The approach to the oil-rig, btw., features the most brutal of bottlenecks in the scenario: If the PCs have botched their investigation, they may be shot out of the air by the surface-to-air-missiles installed on it via Hulst's fortune and black market connections...unless they have found the proper coded MP3 to call off the automated attack, this may well be "Game Over". The running gun battle through the rig feels like an afterthought, when set against the possible outcomes of the scenario - and while partial success is at least somewhat likely, stopping Sheldon's tormented soul and succeeding at the veil out without a horrid, horrid gaze at the abyss of the Outer Dark will be only something truly smart (and compassionate) players will succeed in.
Editing and formatting are good, but not as good as usual for Pelgrane Press - my copy did sport quite a bunch of hiccups and glitches on the typo-level. Layout adheres to a 1-column b/w-standard and the b/w-artworks/photographs are nice and well-made.
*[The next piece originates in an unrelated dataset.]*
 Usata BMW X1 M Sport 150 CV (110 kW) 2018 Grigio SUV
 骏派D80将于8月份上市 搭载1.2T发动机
The big weakness of the module, ultimately, is that its action-scenes don't have sufficient information to render them compelling - cartography, at least basic one, would have helped here. I can't comment on bookmarks or the like.
Matthew Sanderson's "For the Love of Money" is, in almost all disciplines, a glorious module: The Esoterrorist plot is challenging, smart and hard to foil and grasp, all while remaining fair. The antagonist reactions, detailed NPC-reactions, copious information for PC-actions and massive supplemental material really help. The investigation part of this module is really, really amazing. Unfortunately, the module does fall flat pretty much almost always (exception would be the cool visuals of the potential showdowns with the ODE) - they feel like afterthoughts. They don't sport the same attention to detail, aren't nearly as interesting and compelling as the rest of the module.
It is within the nature of the plot that integration into ongoing campaigns is hard, so I won't penalize the module for that. However, the none-too-compelling action-scenes and lack of proper cartography drag down this otherwise great module. If you're looking for a glorious investigation and don't mind working on those bits, then this is a very clear recommendation. Otherwise, it remains a module for fans of investigation who don't care much about the action-aspects of the game. When all is said and done, this gets the tone and feeling of Esoterrorists rather well and provides a compelling adventure, though one that falls slightly short of the excellence it could have easily achieved. Hence, my final verdict will clock in at 4 stars.